Also 6 Thalmood, 6–8 Thalmud. [a. late Heb. talmū·d instruction (c. 130 A.D.), f. lāma·d to instruct, teach. So med.L., F., Ger., etc., talmud.

1

  From its primary sense of ‘teaching, instruction, learning,’ the word was applied to the teaching or instruction contained in a biblical text, and to the body of traditional learning possessed by a particular Rabbi; but it came to be applied distinctively to the discussion, explanation, and illustration of the body of traditional law contained in the Mishnah, and so to the concrete collection of this teaching.]

2

  In the wide sense, The body of Jewish civil and ceremonial traditionary law, consisting of the MISHNAH or binding precepts of the elders, additional to and developed from the Pentateuch, and the later GEMARA or commentary upon these, forming a complement, explanatory, illustrative, and discursive, to the Mishnah.
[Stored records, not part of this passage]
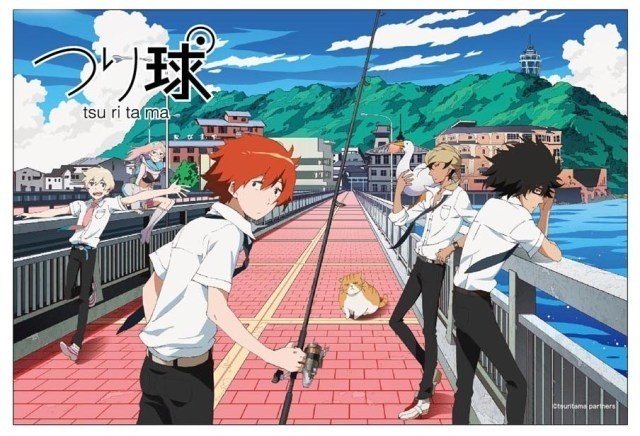 年春アニメ 8作品を見るオタクが超厳選した3作品はこれ 蒼 なんでもライター Note 年春アニメ 8作品を見るオタクが超厳選した3作品はこれ 蒼 なんでもライター Note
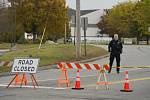 Střelba v americkém městě Lewiston si vyžádala mrtvé i zraněné
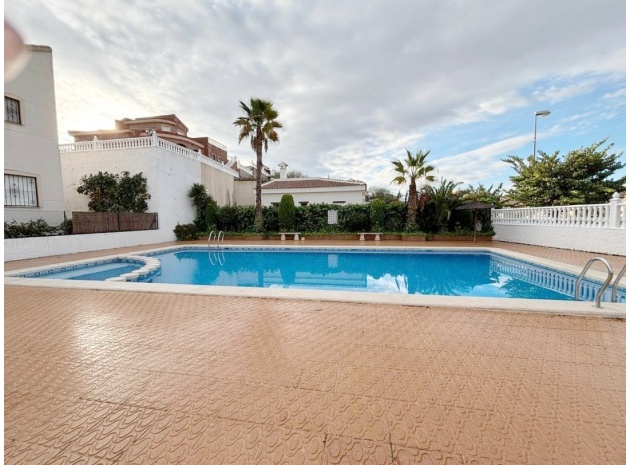Wiederverkauf - Villa - Ciudad Quesada - La Marquesa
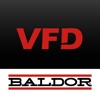 Baldor VFD Selector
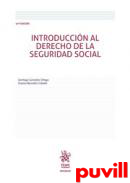 Introduccin al Derecho de la Seguridad Social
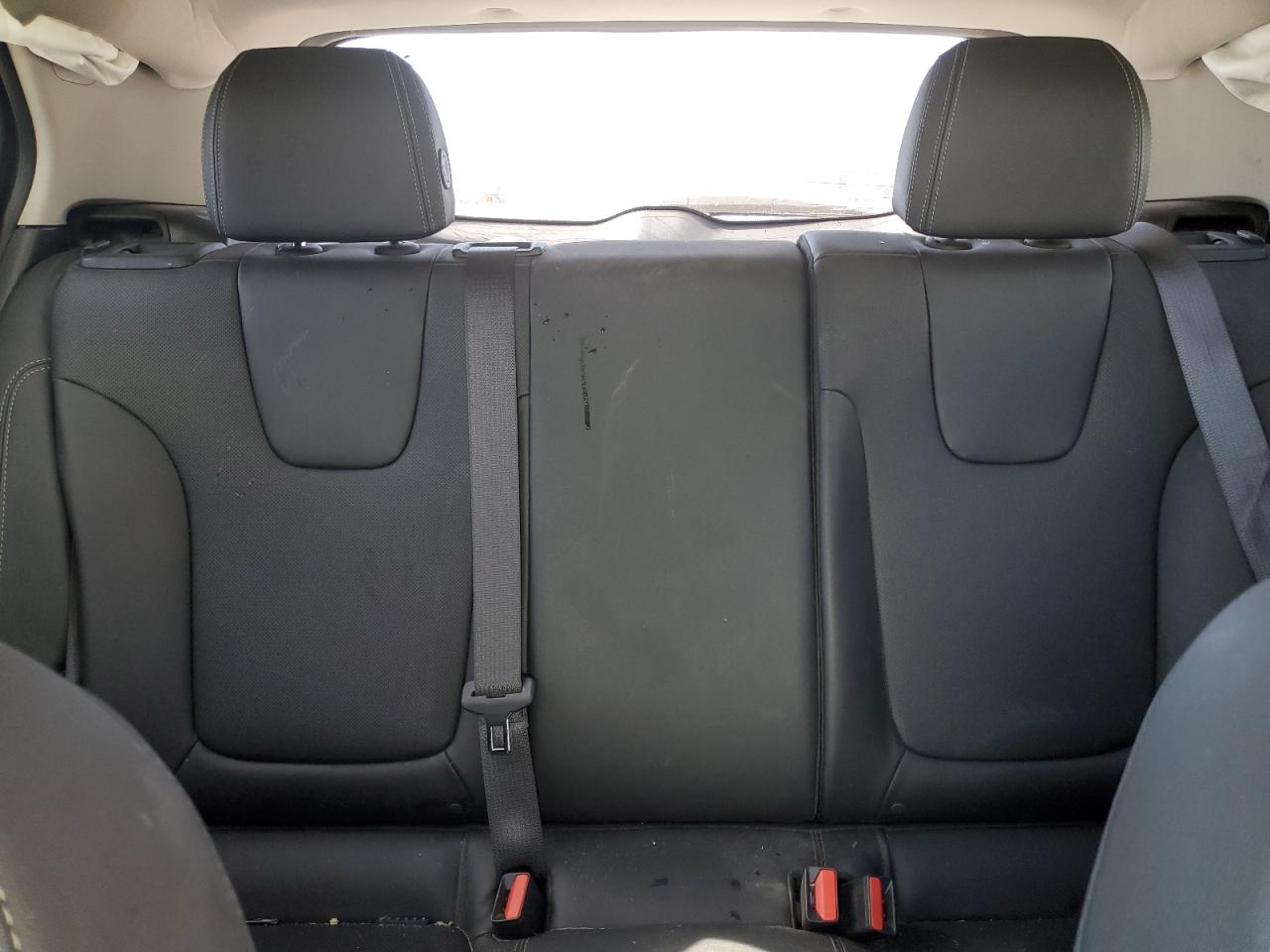2024 Buick Encore Gx Sport Touring VIN: KL4AMESL1RB078327 Lot: 54906155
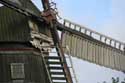 Aeolus Mill Adorp / Netherlands: 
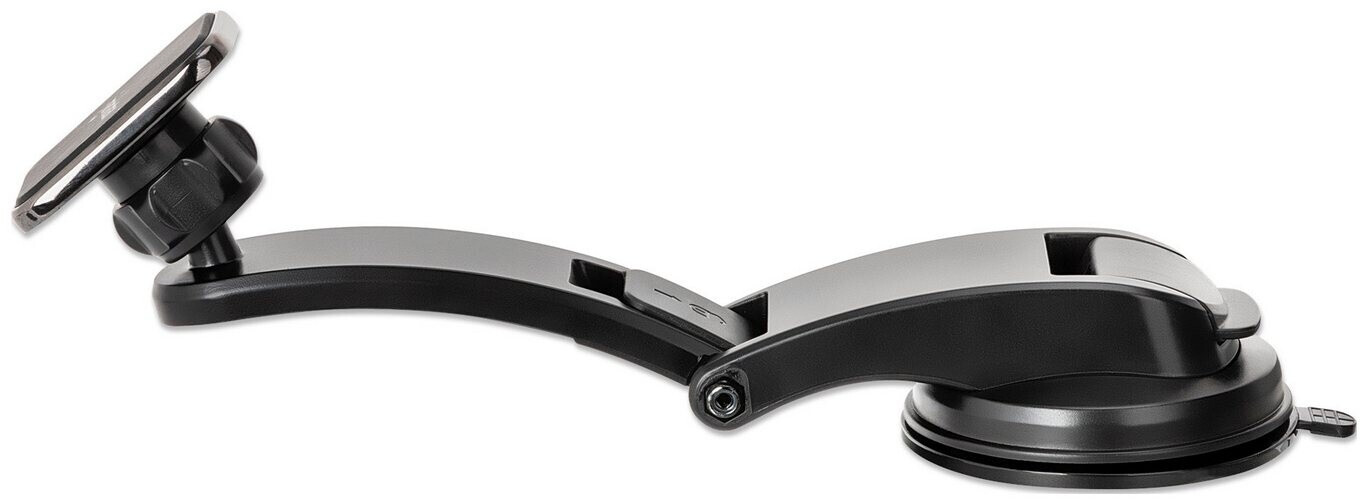 Manhattan Manhattan Magnetic Car Dashboard Phone Holder 360° rotatable (462525) - alternate view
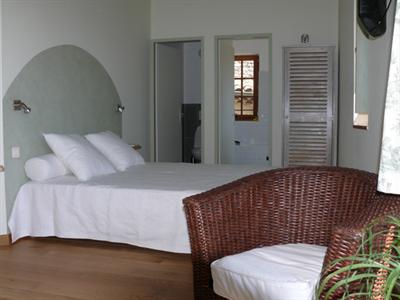 фото отеля Les Terrasses du Chateau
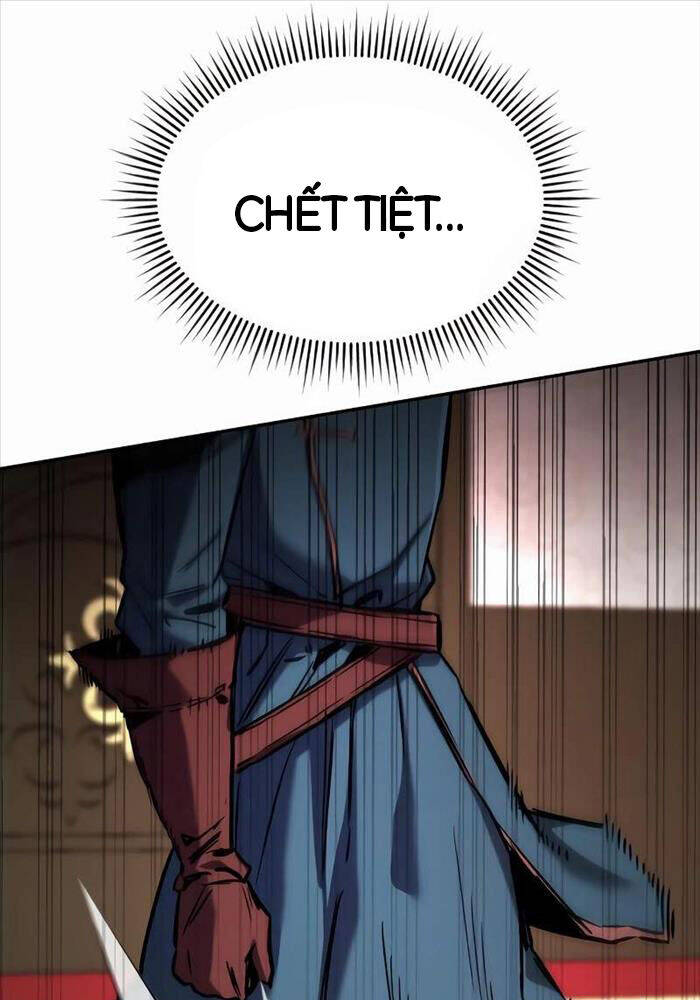 Kẻ Điên Và Đội Trưởng Cảnh Vệ Chapter 6 - 116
The term was originally applied to the Gemara, of which two recensions exist, known respectively as the Jerusalem (or Palestinian) and the Babylonian Talmud; to the latter of which the name is in strictest use confined.

3

The precepts of the Mishnah were collected and codified about A.D. 200; the redaction of the Jerusalem Talmud had reached almost its present form by A.D. 408; that of the Babylonian Talmud extended from A.D. 400 to 500.

4

1532.  More, Confut. Tindale, Wks. 679/2. As the Iewes had set vp a boke of their Talmud to destroye the sense of the scripture.

5

1580.  G. Gilpin, Beehive Rom. Ch., 74. The Iewes Rabbines … with their Caballa and with their Thalmood.

6

1636.  Weemes, Treat. Foure Degenerate Sonnes, 349. They say that the text of the Scriptures is like water, and Mishna like wine, and the Talmud like spiced wine…. So they compare the Law to salt, Mishna to pepper, and the Talmud to spices.

7

1665.  Boyle, Occas. Refl., V. vii. (1848), 322. He must devour the tedious and voluminous Rhapsodies that make up the Talmud, in many of which he can scarce learn any thing but the Art of saying nothing in a multitude of words.

8

1727–41.  Chambers, Cycl., s.v., When they [the Jews] say simply the Talmud, they always mean this [the Babylonian Talmud].

9

1867.  Deutsch, in Q. Rev., Oct. Between the rugged boulders of the law which bestrew the pass of the Talmud there grow the blue flowers of romance and poetry, in the most catholic and Eastern sense.

10

  attrib.  1892.  Zangwill, Childr. Ghetto, I. 123. Mr. Moggid, you’re a saint and a Talmud sage.